Requirement: In the data below, one line contains "Tôi Sẽ Chỉ Sống" and a later one contains "Lamborghini piłka nożna". Print both, with every line between them, exactly and alone.

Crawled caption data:
Start of Block
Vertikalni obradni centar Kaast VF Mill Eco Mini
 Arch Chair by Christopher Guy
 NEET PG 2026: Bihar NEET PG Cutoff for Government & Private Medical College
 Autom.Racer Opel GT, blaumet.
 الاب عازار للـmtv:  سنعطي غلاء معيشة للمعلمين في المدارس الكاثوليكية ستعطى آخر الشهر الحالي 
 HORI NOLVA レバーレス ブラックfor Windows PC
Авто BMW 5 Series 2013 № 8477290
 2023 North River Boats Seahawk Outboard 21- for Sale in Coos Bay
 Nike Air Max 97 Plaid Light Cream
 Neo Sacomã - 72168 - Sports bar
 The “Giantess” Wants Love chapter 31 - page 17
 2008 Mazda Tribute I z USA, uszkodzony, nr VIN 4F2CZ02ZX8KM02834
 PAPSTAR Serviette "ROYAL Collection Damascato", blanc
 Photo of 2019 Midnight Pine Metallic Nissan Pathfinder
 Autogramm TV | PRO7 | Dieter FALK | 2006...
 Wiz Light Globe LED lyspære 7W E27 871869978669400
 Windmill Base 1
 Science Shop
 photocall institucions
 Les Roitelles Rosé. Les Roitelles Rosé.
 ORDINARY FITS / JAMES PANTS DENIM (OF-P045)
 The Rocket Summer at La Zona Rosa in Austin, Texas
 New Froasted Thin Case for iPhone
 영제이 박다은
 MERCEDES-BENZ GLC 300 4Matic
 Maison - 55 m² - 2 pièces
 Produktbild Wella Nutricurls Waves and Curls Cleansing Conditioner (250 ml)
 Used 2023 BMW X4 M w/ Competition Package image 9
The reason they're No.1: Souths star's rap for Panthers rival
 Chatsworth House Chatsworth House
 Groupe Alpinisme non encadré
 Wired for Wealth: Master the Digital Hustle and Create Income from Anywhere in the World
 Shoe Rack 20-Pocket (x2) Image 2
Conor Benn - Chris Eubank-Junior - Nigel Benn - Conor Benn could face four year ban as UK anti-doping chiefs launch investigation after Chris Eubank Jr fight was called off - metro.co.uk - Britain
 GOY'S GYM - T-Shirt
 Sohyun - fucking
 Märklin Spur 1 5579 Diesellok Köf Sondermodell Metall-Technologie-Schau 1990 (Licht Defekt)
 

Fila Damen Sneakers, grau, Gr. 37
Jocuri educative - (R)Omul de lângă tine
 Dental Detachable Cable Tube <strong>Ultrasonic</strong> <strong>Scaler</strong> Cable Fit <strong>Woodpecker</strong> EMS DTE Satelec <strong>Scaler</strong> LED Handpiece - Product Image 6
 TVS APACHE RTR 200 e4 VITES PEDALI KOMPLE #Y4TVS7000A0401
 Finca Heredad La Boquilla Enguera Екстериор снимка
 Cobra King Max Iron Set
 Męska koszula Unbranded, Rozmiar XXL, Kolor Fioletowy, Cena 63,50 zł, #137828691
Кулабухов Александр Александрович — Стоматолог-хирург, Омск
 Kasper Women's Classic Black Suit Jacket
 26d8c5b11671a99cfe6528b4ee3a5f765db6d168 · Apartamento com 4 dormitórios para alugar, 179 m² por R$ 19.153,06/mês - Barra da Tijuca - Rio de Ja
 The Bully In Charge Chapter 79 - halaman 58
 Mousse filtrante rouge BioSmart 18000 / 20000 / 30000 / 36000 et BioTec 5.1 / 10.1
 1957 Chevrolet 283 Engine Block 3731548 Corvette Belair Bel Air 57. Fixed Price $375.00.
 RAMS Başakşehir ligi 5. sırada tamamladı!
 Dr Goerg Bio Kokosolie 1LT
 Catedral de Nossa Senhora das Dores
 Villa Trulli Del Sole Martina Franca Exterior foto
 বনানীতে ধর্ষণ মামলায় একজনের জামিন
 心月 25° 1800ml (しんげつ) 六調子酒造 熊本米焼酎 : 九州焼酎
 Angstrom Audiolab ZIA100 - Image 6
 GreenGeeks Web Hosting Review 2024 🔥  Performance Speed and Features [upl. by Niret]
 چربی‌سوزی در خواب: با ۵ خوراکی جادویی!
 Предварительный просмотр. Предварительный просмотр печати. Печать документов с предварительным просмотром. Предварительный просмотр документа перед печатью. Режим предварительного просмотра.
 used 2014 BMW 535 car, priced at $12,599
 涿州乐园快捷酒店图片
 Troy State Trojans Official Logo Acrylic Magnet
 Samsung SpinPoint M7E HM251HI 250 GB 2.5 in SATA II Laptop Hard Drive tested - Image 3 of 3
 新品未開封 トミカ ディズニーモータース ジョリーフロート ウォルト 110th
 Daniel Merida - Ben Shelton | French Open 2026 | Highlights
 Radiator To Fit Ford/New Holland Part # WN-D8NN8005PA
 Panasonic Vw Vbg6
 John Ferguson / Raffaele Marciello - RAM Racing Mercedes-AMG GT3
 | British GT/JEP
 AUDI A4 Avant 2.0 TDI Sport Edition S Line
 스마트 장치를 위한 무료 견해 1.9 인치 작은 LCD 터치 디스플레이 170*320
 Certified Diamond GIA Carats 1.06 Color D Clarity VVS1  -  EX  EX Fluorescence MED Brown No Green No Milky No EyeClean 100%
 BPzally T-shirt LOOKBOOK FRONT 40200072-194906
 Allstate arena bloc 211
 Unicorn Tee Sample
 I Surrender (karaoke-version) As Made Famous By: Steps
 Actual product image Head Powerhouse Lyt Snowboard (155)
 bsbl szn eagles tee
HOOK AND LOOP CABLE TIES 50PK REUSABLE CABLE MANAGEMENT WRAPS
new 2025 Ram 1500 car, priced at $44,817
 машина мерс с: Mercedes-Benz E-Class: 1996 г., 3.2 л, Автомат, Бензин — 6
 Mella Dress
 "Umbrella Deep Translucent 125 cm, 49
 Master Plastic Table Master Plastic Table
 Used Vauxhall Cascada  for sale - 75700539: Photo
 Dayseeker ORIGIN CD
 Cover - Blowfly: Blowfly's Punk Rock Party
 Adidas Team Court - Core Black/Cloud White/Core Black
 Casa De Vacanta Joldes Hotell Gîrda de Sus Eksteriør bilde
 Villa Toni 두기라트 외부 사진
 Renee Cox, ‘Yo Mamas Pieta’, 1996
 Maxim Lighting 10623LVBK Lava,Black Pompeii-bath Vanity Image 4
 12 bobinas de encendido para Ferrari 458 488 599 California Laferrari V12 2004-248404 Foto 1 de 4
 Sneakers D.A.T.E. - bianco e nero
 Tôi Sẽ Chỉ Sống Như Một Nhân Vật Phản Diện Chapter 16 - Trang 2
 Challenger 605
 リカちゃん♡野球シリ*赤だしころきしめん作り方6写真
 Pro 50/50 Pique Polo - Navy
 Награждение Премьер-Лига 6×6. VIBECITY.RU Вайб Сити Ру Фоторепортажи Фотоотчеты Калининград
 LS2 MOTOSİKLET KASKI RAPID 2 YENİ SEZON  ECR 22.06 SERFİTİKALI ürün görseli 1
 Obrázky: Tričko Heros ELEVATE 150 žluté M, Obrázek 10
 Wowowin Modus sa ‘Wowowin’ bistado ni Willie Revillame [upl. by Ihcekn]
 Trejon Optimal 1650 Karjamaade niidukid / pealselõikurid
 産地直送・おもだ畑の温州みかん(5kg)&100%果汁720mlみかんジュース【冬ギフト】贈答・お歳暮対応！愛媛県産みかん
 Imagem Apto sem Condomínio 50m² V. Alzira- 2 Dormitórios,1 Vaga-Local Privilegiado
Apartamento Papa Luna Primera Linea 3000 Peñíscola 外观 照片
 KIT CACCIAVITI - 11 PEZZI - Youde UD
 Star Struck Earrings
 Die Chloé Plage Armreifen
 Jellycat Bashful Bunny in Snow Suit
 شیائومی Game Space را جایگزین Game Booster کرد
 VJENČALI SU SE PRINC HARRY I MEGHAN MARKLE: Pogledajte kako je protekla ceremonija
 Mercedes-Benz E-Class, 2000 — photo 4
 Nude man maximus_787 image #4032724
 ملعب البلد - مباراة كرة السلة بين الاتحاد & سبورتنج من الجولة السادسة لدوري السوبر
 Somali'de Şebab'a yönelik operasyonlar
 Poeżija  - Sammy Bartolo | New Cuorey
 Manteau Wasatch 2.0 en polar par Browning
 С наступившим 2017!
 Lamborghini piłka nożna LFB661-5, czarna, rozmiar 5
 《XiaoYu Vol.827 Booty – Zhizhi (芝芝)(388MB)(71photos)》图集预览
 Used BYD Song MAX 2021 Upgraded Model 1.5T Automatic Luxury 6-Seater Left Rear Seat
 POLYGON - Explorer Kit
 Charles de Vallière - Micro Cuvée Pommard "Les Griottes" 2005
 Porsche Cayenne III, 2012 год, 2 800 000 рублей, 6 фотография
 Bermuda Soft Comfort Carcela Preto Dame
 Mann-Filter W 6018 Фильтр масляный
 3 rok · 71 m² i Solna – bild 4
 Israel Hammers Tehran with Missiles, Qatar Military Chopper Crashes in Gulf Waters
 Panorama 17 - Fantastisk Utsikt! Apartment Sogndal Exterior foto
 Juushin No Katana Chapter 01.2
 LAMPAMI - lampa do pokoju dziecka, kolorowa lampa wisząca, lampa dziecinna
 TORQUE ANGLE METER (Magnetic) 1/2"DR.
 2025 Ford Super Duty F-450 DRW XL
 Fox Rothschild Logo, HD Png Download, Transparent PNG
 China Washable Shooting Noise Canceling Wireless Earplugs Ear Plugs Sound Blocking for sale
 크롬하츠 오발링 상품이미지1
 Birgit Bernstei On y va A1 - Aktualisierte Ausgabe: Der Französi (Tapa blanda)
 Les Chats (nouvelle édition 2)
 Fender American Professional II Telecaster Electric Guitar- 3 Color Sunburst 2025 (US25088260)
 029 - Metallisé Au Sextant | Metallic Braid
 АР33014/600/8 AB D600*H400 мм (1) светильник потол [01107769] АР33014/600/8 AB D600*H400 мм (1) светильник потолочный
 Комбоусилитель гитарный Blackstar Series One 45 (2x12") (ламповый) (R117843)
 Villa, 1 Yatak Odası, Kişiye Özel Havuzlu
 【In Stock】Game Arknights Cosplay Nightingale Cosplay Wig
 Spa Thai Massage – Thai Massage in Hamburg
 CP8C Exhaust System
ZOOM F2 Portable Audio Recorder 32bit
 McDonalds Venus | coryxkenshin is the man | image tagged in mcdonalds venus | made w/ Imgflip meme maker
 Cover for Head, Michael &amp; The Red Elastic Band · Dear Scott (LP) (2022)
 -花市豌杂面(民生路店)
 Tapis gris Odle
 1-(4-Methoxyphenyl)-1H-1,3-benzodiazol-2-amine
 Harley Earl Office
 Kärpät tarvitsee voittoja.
End of Block
Task result:
 Tôi Sẽ Chỉ Sống Như Một Nhân Vật Phản Diện Chapter 16 - Trang 2
 Challenger 605
 リカちゃん♡野球シリ*赤だしころきしめん作り方6写真
 Pro 50/50 Pique Polo - Navy
 Награждение Премьер-Лига 6×6. VIBECITY.RU Вайб Сити Ру Фоторепортажи Фотоотчеты Калининград
 LS2 MOTOSİKLET KASKI RAPID 2 YENİ SEZON  ECR 22.06 SERFİTİKALI ürün görseli 1
 Obrázky: Tričko Heros ELEVATE 150 žluté M, Obrázek 10
 Wowowin Modus sa ‘Wowowin’ bistado ni Willie Revillame [upl. by Ihcekn]
 Trejon Optimal 1650 Karjamaade niidukid / pealselõikurid
 産地直送・おもだ畑の温州みかん(5kg)&100%果汁720mlみかんジュース【冬ギフト】贈答・お歳暮対応！愛媛県産みかん
 Imagem Apto sem Condomínio 50m² V. Alzira- 2 Dormitórios,1 Vaga-Local Privilegiado
Apartamento Papa Luna Primera Linea 3000 Peñíscola 外观 照片
 KIT CACCIAVITI - 11 PEZZI - Youde UD
 Star Struck Earrings
 Die Chloé Plage Armreifen
 Jellycat Bashful Bunny in Snow Suit
 شیائومی Game Space را جایگزین Game Booster کرد
 VJENČALI SU SE PRINC HARRY I MEGHAN MARKLE: Pogledajte kako je protekla ceremonija
 Mercedes-Benz E-Class, 2000 — photo 4
 Nude man maximus_787 image #4032724
 ملعب البلد - مباراة كرة السلة بين الاتحاد & سبورتنج من الجولة السادسة لدوري السوبر
 Somali'de Şebab'a yönelik operasyonlar
 Poeżija  - Sammy Bartolo | New Cuorey
 Manteau Wasatch 2.0 en polar par Browning
 С наступившим 2017!
 Lamborghini piłka nożna LFB661-5, czarna, rozmiar 5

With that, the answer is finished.